Teh Communists are Coming! Red Bikes and Blue UN Helmets Oh My!

From the Denver Post:
Bike agenda spins cities toward U.N. control
Republican gubernatorial candidate Dan Maes is warning voters that Denver Mayor John Hickenlooper's policies, particularly his efforts to boost bike riding, are "converting Denver into a United Nations community."

Maes, a favorite of teh Tea Party, has pulled ahead of former Congressman Scott McInnis, the early frontrunner in the Aug. 10 primary for the Republican gubernatorial nomination. The maligned Mayor Hickenlooper (Democrat) is also running for the governor's seat, but from the other side of the aisle.

More from the Denver Post:
Maes said in a later interview that he once thought the mayor's efforts to promote cycling and other environmental initiatives were harmless and well-meaning. Now he realizes "that's exactly the attitude they want you to have. This is bigger than it looks like on the surface, and it could threaten our personal freedoms," Maes said.

He added: "These aren't just warm, fuzzy ideas from the mayor. These are very specific strategies that are dictated to us by this United Nations program that some mayors have signed on to."

Maes, at the rally July 26, took aim at Denver's bike-sharing program, which he said was promoted by a group that puts the environment above citizens' rights. The B-Cycle program places a network of about 400 red bikes for rent at stations around the city. It is funded by private donors and grants.
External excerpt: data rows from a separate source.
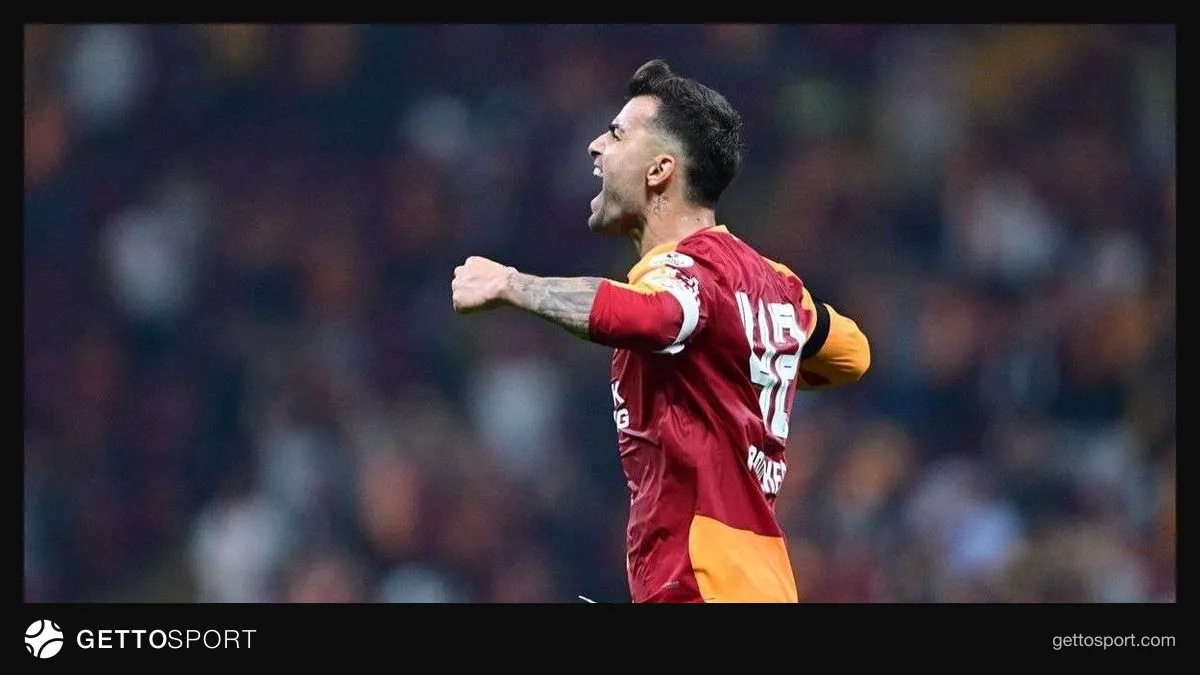 Abdülkerim Bardakcı kafa vuruşuyla gol sevinci yaşarken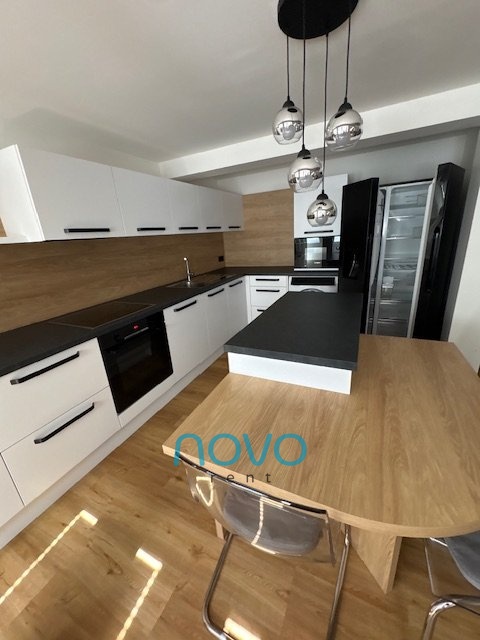 Pronájem bytu 3+1 115 m2, Praha – náhled fotky 24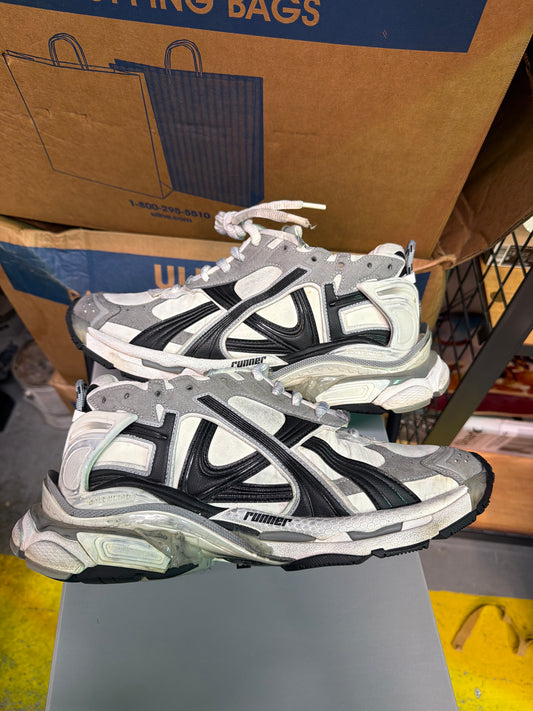 Balenciaga Runner Grey Black Used Sz 11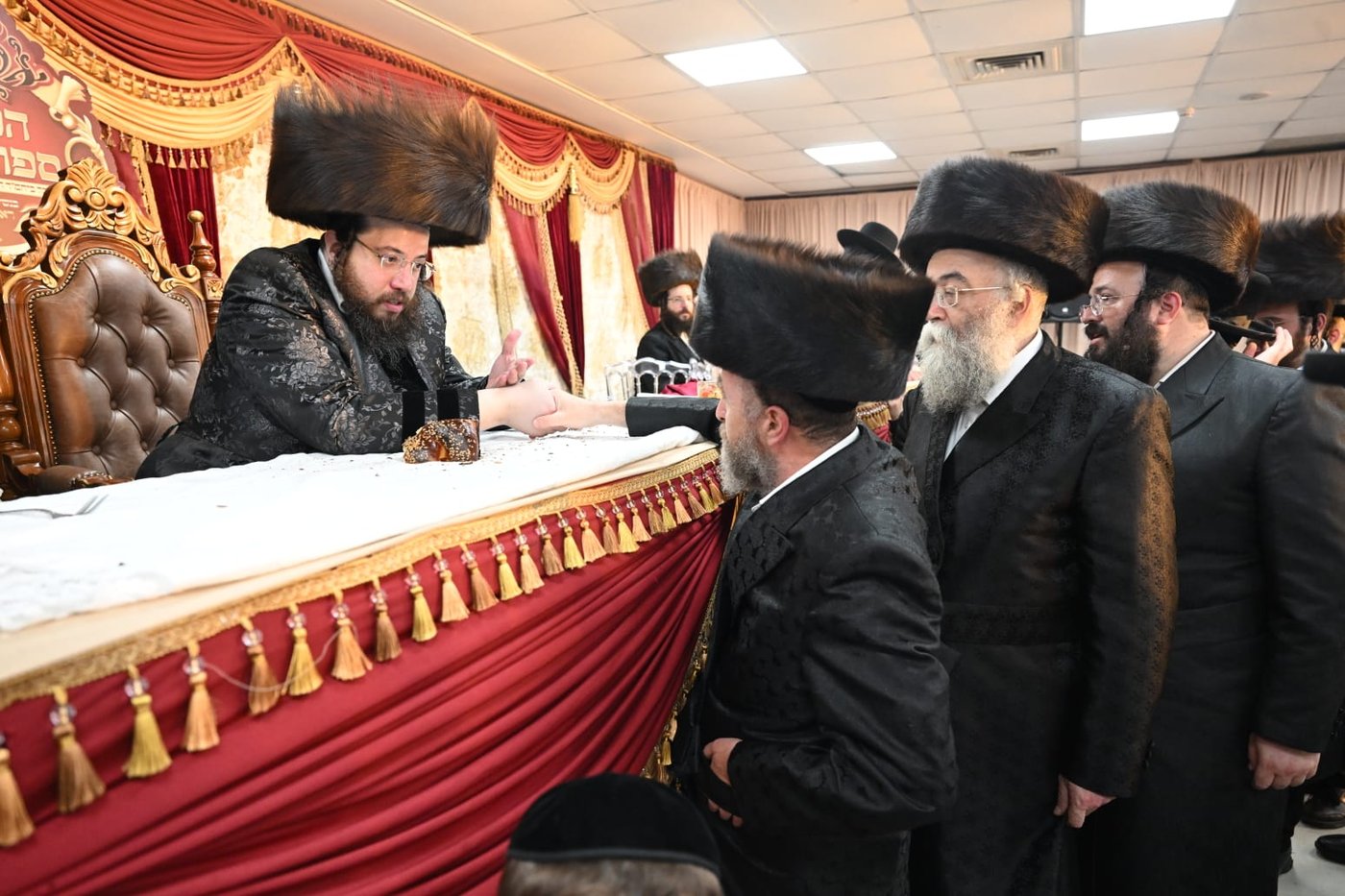 מעמד הכנסת ספר תורה לבית המדרש הגדול שומרי אמונים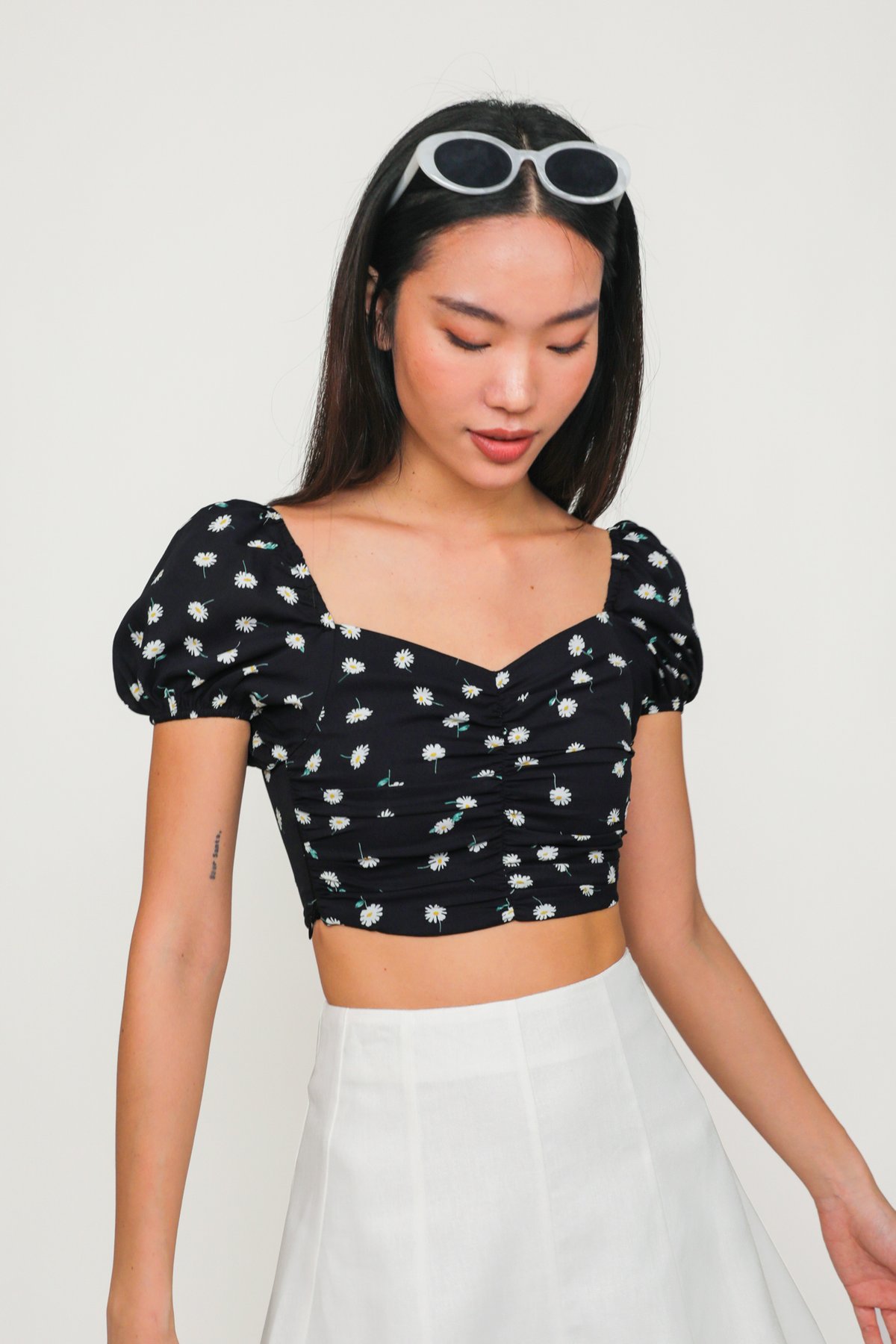 Giorgia Ruched Front Sleeve Crop Top (Black Daisy)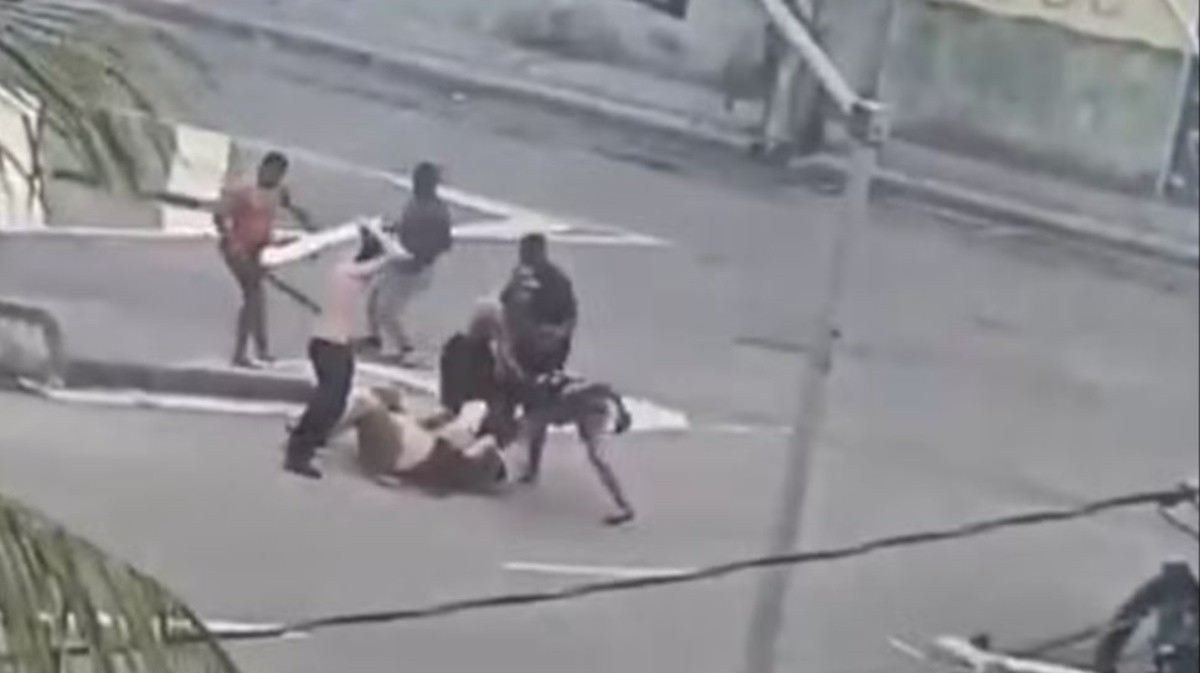 Torcedores se enfrentam e atacam PM perto do Estádio Nilton Santos, no Rio; VÍDEO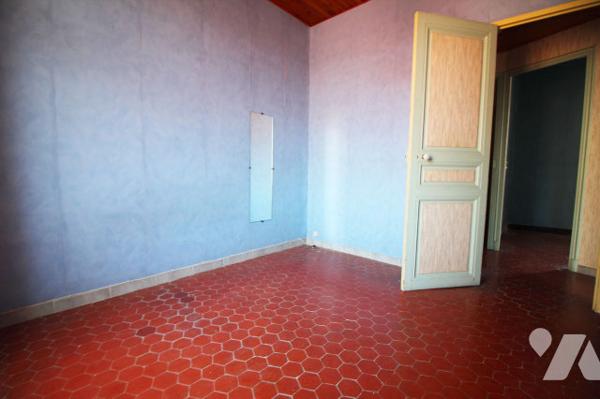Jolie maison de 100m2 habitables environ (sur un terrain de 315m2 + garage / annexes) à L'Estaque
What color are these bikes? Red!    Coincidence? I think not!
Maes said the United Nations is "signing up mayors across the country, and these mayors are signing on to this U.N. agreement to have their cities abide by this dream philosophy." The program includes encouraging employers to install showers so more people will ride bikes to work and also creating parking spaces for fuel-efficient vehicles, he said.

Polls show that Maes, a Tea Party favorite, has pulled ahead of former Congressman Scott McInnis, the early frontrunner in the Aug. 10 primary for the Republican gubernatorial nomination. Maes acknowledged that some might find his theories "kooky," but he said there are valid reasons to be worried.

"At first, I thought, 'Gosh, public transportation, what's wrong with that, and what's wrong with people parking their cars and riding their bikes? And what's wrong with incentives for green cars?' But if you do your homework and research, you realize it's part of a greater strategy to rein in American cities under a United Nations treaty," Maes said.